There exists a large literature on the choice of the kernel K [6,39]. Epanechnikov and Gaussian kernels are widespread, due to their simplicity. ¹ But it seems, according to the related literature, that the choice of the kernel is often less overriding than the choice of the bandwidth h. Indeed, this parameter plays the role of a regularization parameter. In practice, we tune h in order to balance accuracy and robustness. The larger h, the wider each kernel and the larger the interval on which each observation has an impact. We review in Section 2.4 some methods to select this bandwidth.

2.2. Dynamic kernel density

We can change the formulation of the kernel density in order to take into account its progressive evolution through time. We get this dynamic version of the kernel density by the mean of weights $w_{t,i}$:

$${\hat{f}}_t(x)=\frac{1}{h}\sum _{i=1}^t{w}_{t,i}K\left(\frac{x-X_i}{h}\right),$$ (2)

such that $\sum _{i=1}^t{w}_{t,i}=1$ [19]. For a fixed t, if the weights $w_{t,i}$ increase with i, more recent observations will be overweighted and the update of the kernel density is consistent with the economic intuition. The exponential weighting is widespread in the statistical literature as it can reduce the computation of a density update to a simple recursive formula instead of the linear cost induced by the whole estimation of the density from scratch. We then express the weights by

$$w_{t,i}=\{\begin{array}{ll}{\displaystyle \frac{1-\omega }{1-{\omega }^{t_0}}}{\omega }^{t-i}& \mathrm{if}i\le t_0\\ (1-\omega ){\omega }^{t-i}& \mathrm{else},\end{array}$$ (3)

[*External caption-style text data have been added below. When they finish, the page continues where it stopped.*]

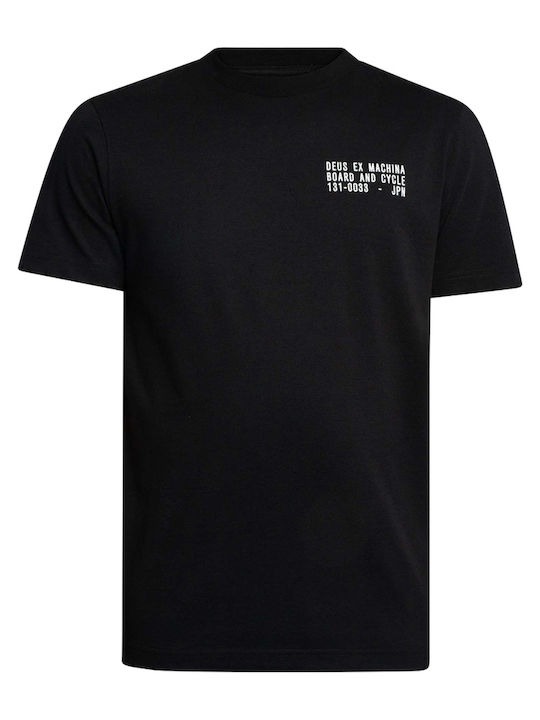 Deus T-shirt Black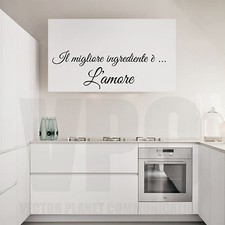 wall stickers frase il miglior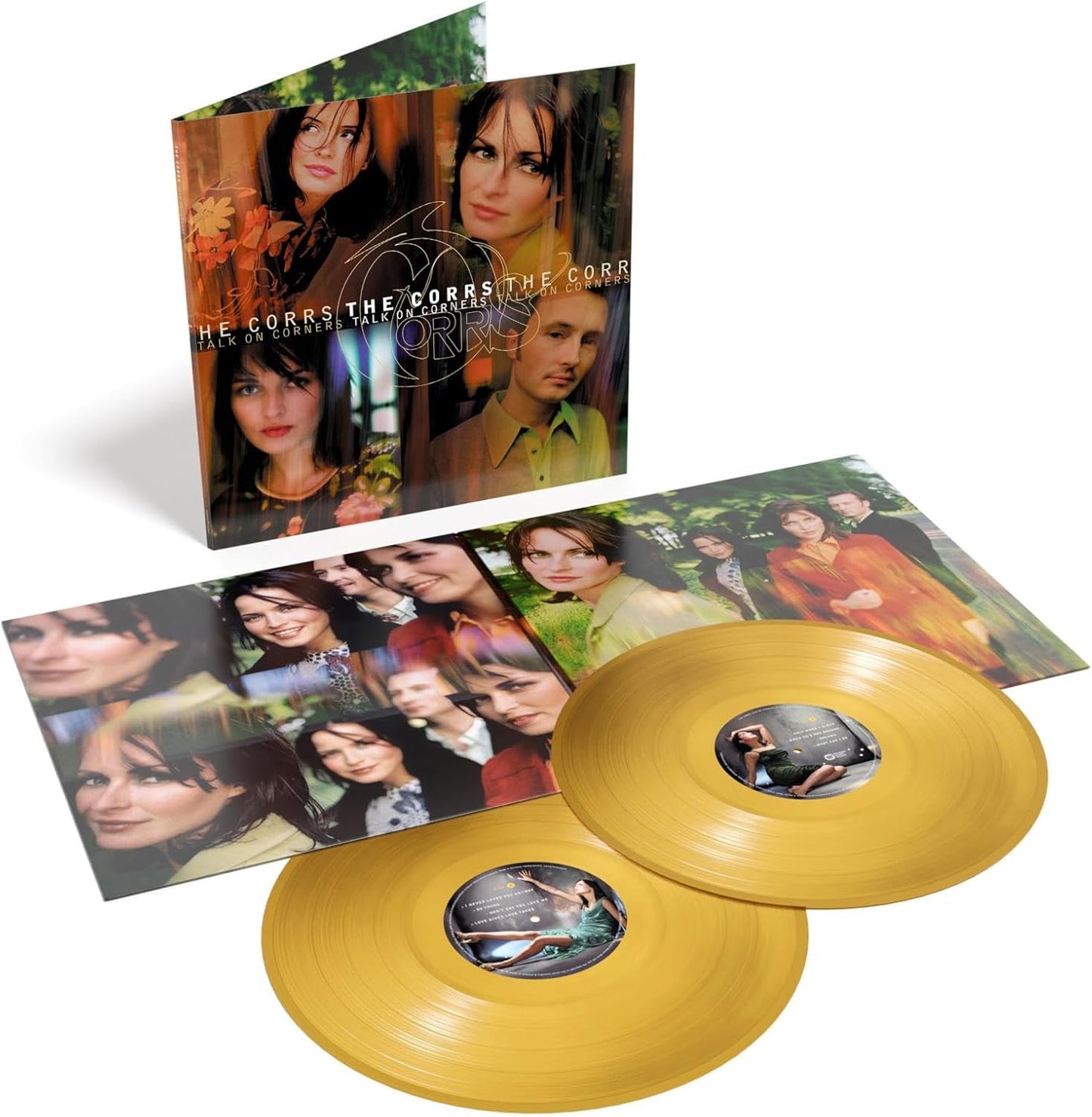 Corrs Talk on Corners (Gold Vinyl LP)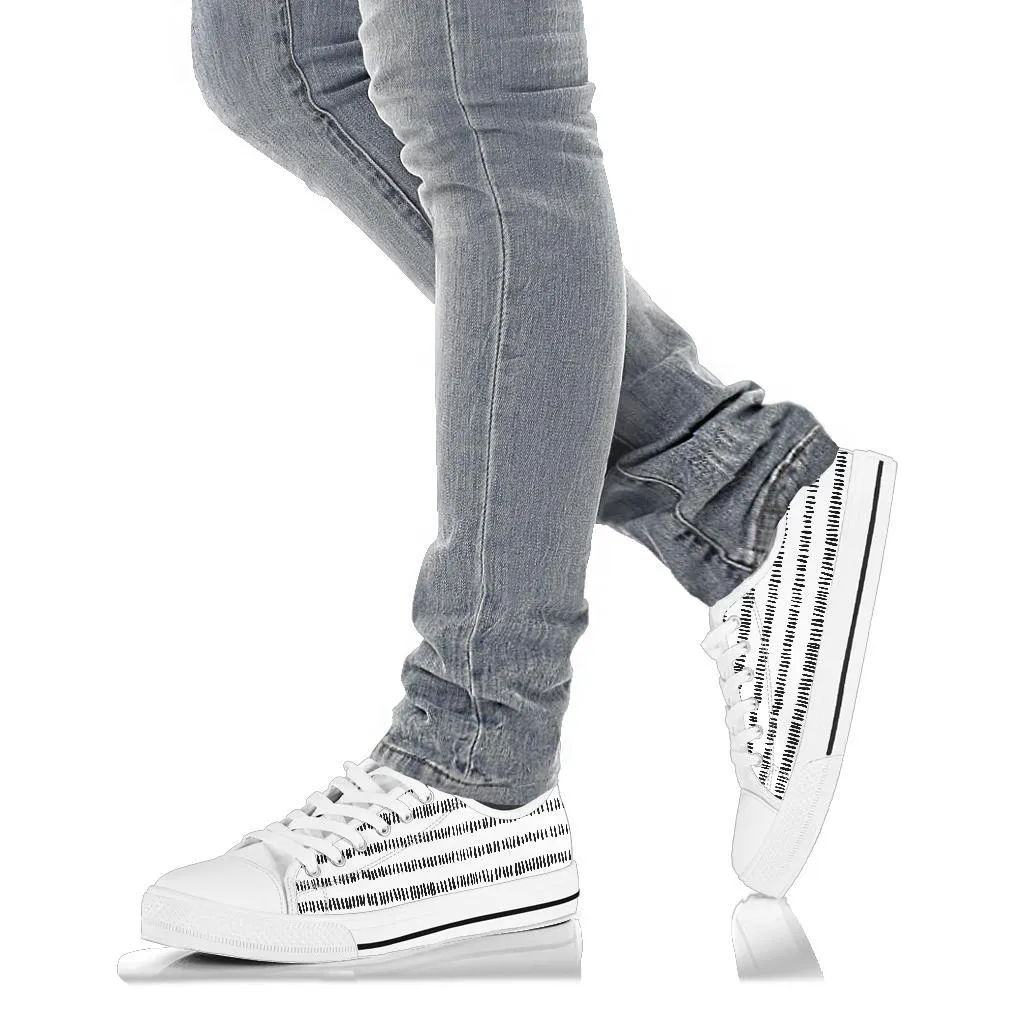 Custom Sneakers-Doodle Series 105 White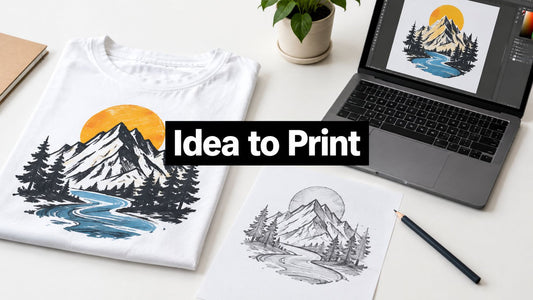 Custom Apparel Design: From Idea to Print-Ready Files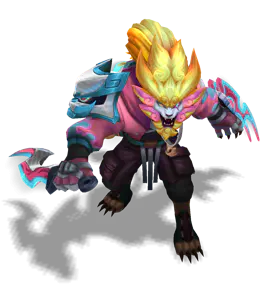 Rose Quartz Street Demons Rengar chroma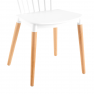 Étkezőszék, fehér/bükk, ZOSIMA Étkezőszék, fehér/bükk, ZOSIMA
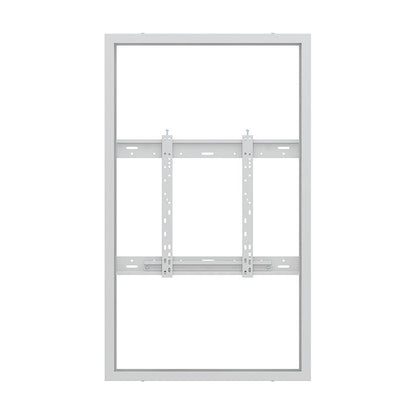 Multibrackets M Pro Series - Enclosure 55" Wall Slim Medium White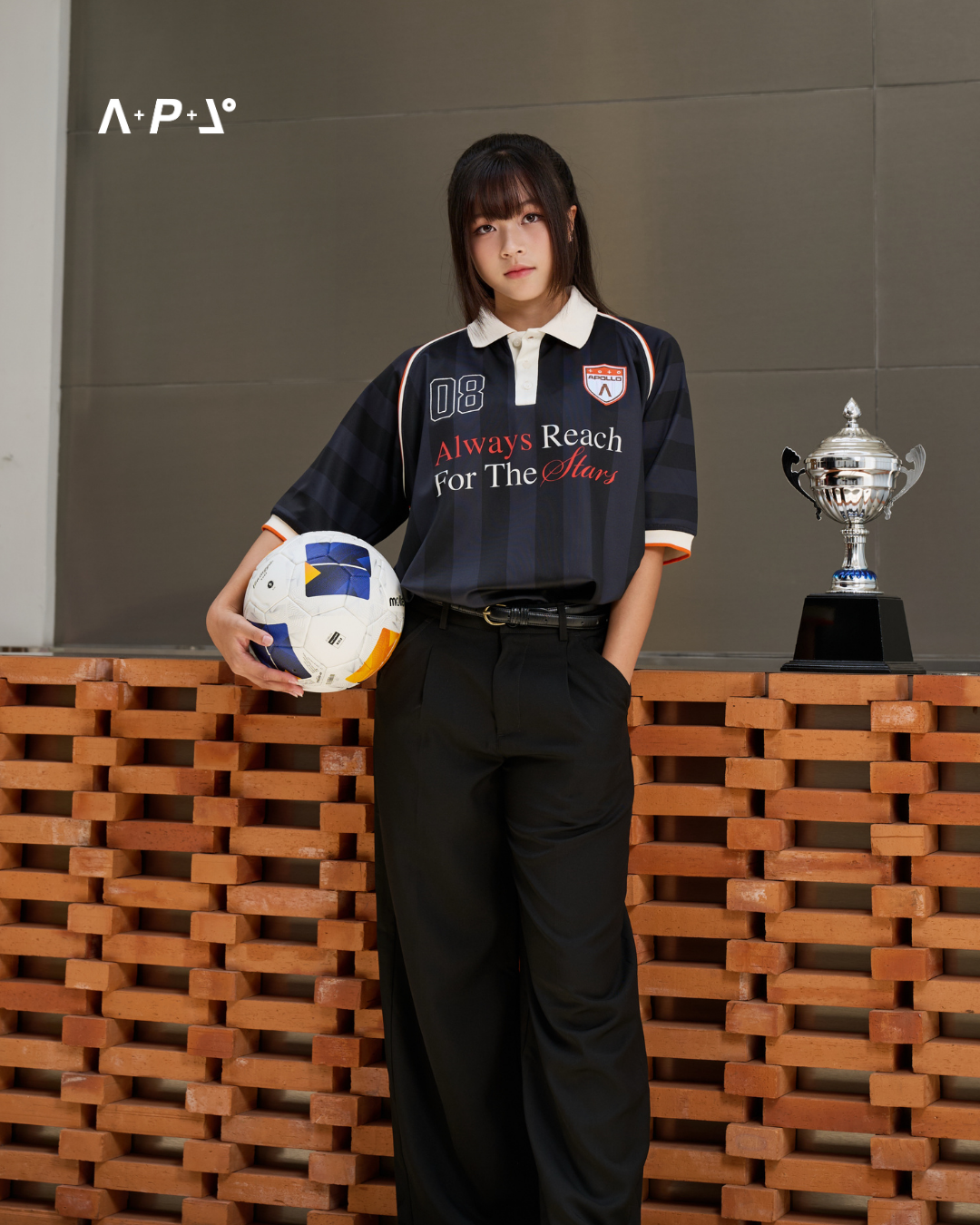 (PRE ORDER) PTP-JERSEY-BLACK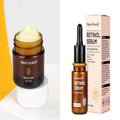Retinol facial serum bottle 30g/ml for fine lines and dry skin treatment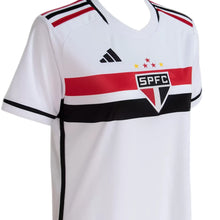 Carregar imagem no visualizador da galeria, Camisa São Paulo Home 23/24 Feminina - Branca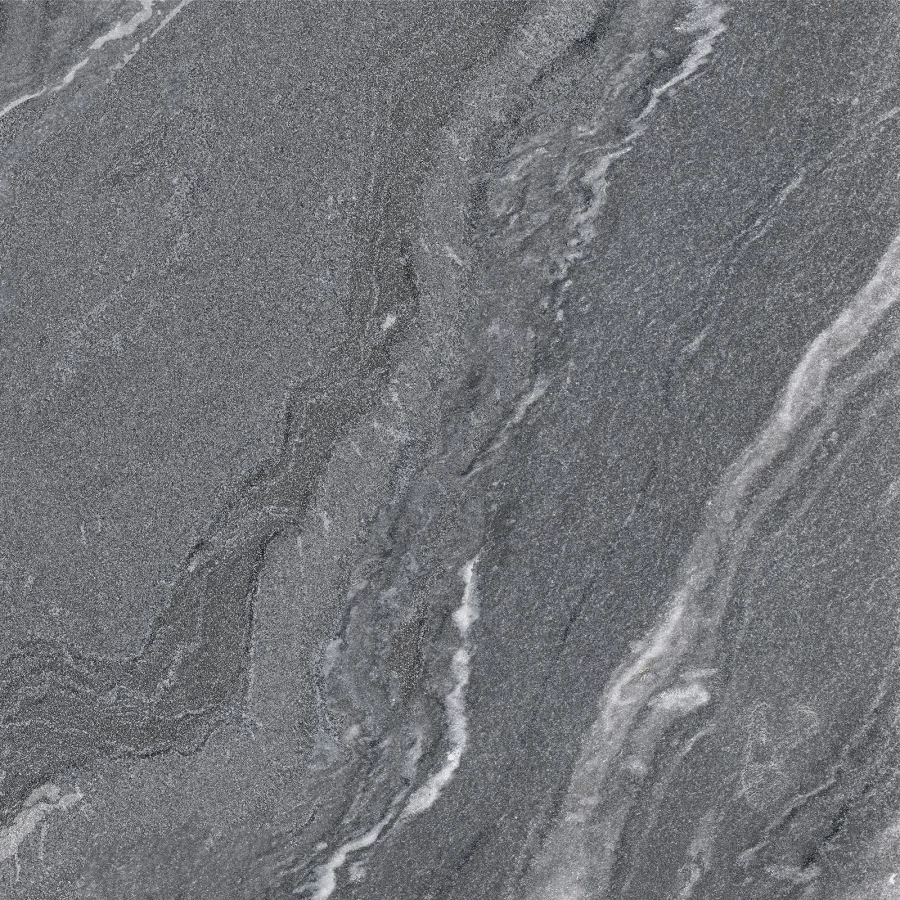 Керамогранит ALMA Ceramica Nexstone sugar-эффект черный GFU6060NXT70R 60х60 см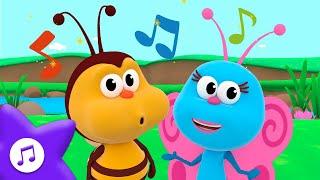 ¡Pop! Salen los Bichitos ¿Dónde están? | Para Bebés | Canciones infantiles | Bichikids en español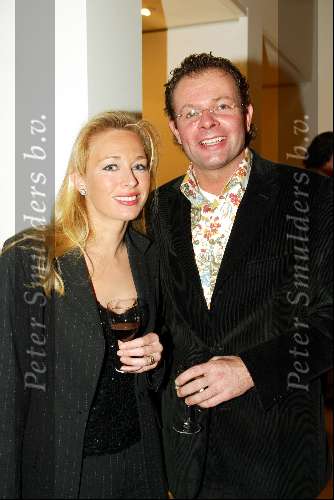 amstelveen 12 maart 2003
Opening expositie ans marcus bij jan v d togtmuseum.
chris luken met zijn tandarts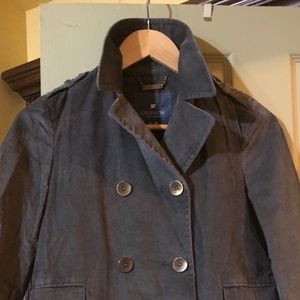 Gray Corduroy Jacket/blazer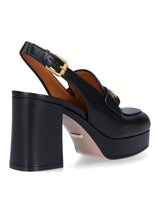 Gucci Slingback Platform Clamp - Women - Piano Luigi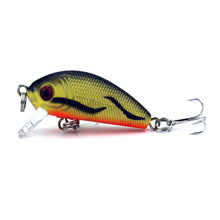 1 Pcs Fishing Lure 50mm 3.7g Hooks 10 #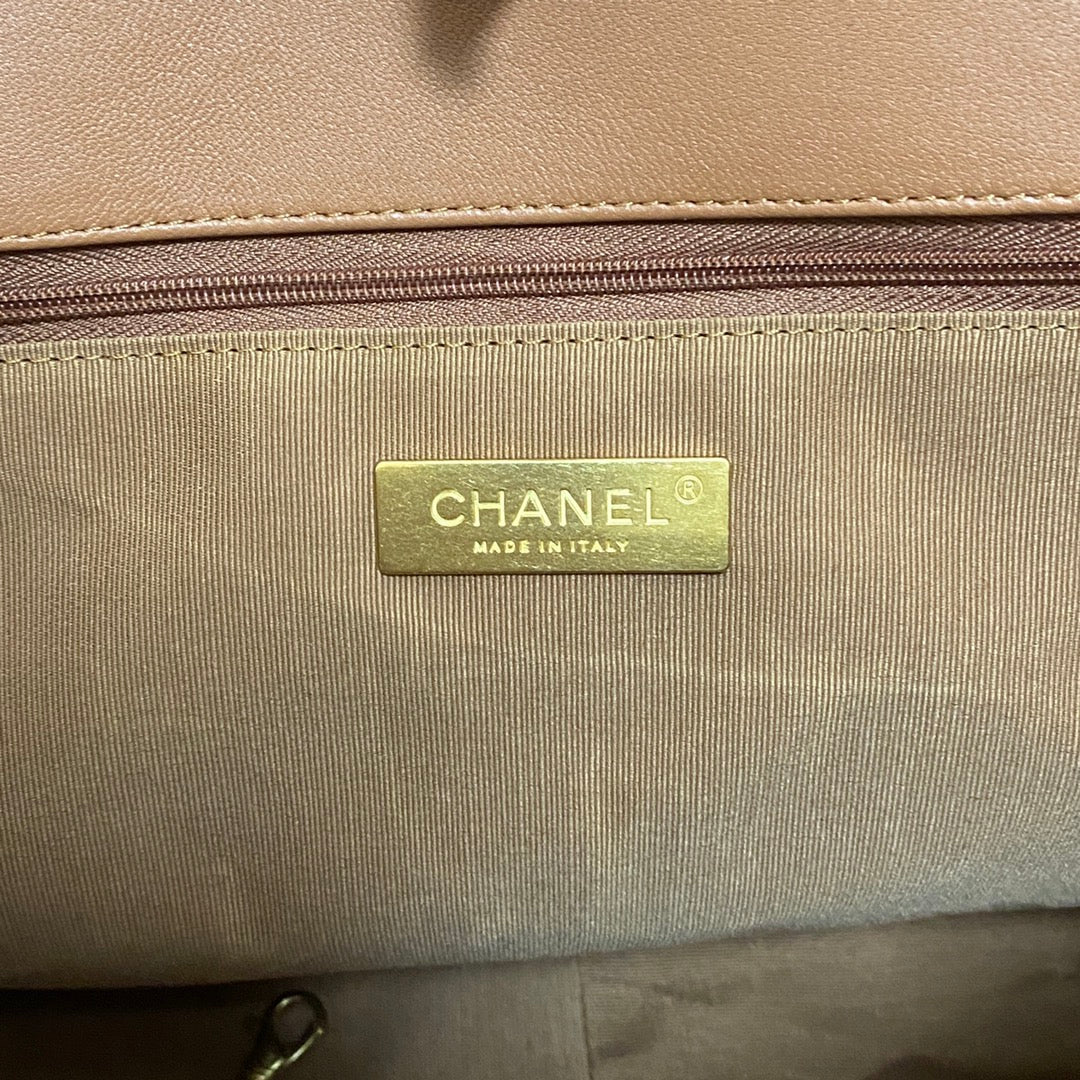 Chanel 19 Shopping Bag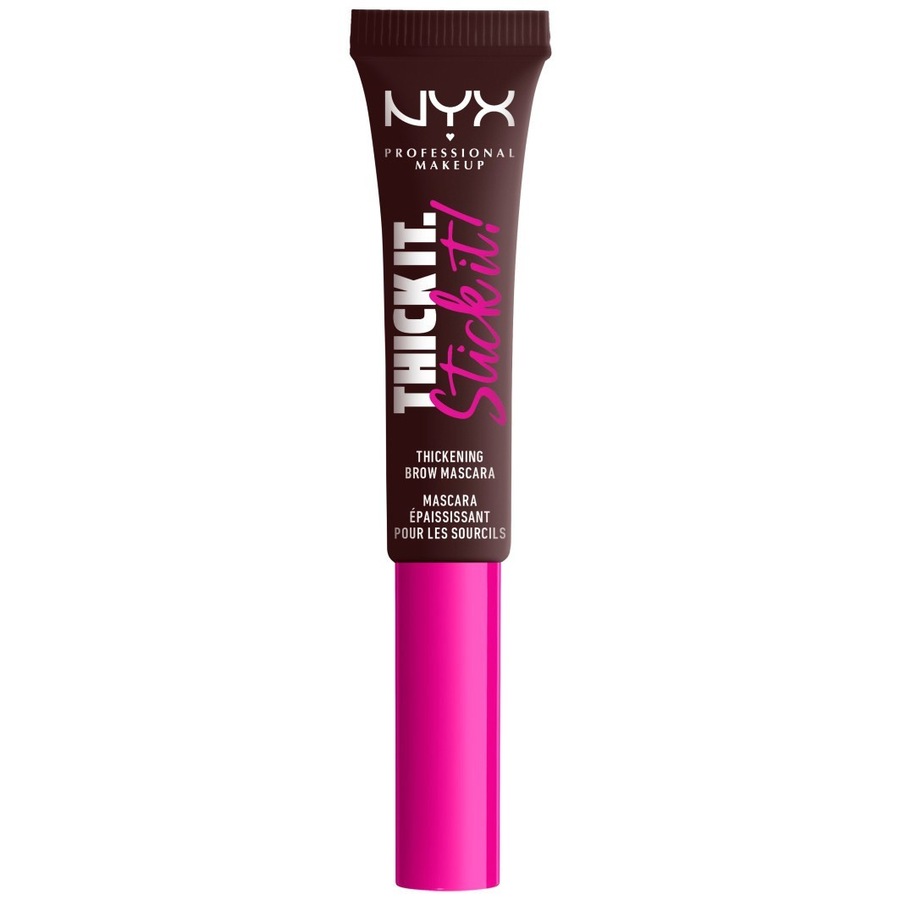NYX Professional Makeup Pride Makeup Thick It. Stick It! Brow Mascara- Cool Żel do brwi 7 ml 07 - ESPRESSO
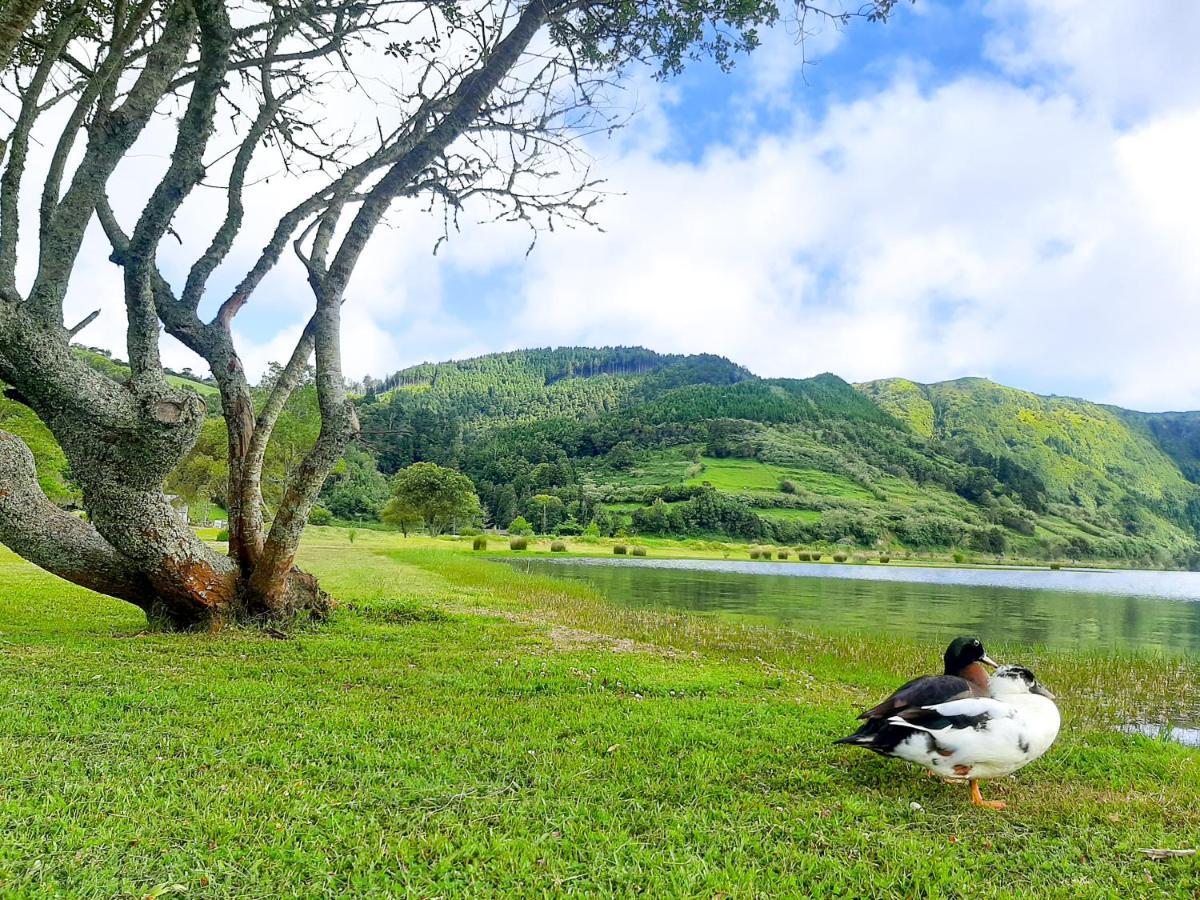 Sete Cidades Nature Villa Buitenkant foto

where $0<\omega <1$ and $t_0$ is the time at which we start estimating the dynamic density ( $t\ge t_0$ in Equation (3)). With this setting for the weights, we note ${\hat{f}}_t^{h,\omega }$ the density introduced in Equation (2). When the duration of the initial estimation sample is large enough with respect to the speed of decay of the weights, that is when ${\omega }^{t_0}\to 0$, then $w_{t,i}$ tends to $(1-\omega ){\omega }^{t-i}$. Otherwise, the inequality $\omega +{\omega }^{t_0}<1$ must hold to have increasing weights with respect to i at a given estimation time t. ² In the empirical study in Section 4.1, the highest value for ω estimated with the proposed method across all the series is 0.974 and we have considered $t_0$ corresponding approximatively to the 1120th date of the dataset, so that we are very close to the asymptotic framework, with ${\omega }^{t_0}\approx 1.5\times {10}^{-13}$. More generally, whatever the value of $t_0$ and using the weights defined in Equation (3), the recursive formula of the dynamic kernel density is, for any $t>t_0$:

$${\hat{f}}_{t+1}^{h,\omega }(x)=\omega {\hat{f}}_t^{h,\omega }(x)+\frac{1-\omega }{h}K\left(\frac{x-X_{t+1}}{h}\right).$$ (4)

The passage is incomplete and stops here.